● **GIVEN DATA**:
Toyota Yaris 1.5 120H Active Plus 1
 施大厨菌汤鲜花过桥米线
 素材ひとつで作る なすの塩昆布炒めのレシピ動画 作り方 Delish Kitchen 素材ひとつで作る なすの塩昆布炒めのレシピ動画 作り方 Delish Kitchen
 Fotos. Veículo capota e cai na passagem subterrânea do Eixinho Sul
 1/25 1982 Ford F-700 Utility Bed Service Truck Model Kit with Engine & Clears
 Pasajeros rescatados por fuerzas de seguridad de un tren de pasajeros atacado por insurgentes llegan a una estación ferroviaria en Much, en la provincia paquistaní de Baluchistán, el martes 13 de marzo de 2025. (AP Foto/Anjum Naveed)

● **WHAT TO PRODUCE**:
Print all of the entries exactly as they appear.

● **RESPONSE BELOW**:
Toyota Yaris 1.5 120H Active Plus 1
 施大厨菌汤鲜花过桥米线
 素材ひとつで作る なすの塩昆布炒めのレシピ動画 作り方 Delish Kitchen 素材ひとつで作る なすの塩昆布炒めのレシピ動画 作り方 Delish Kitchen
 Fotos. Veículo capota e cai na passagem subterrânea do Eixinho Sul
 1/25 1982 Ford F-700 Utility Bed Service Truck Model Kit with Engine & Clears
 Pasajeros rescatados por fuerzas de seguridad de un tren de pasajeros atacado por insurgentes llegan a una estación ferroviaria en Much, en la provincia paquistaní de Baluchistán, el martes 13 de marzo de 2025. (AP Foto/Anjum Naveed)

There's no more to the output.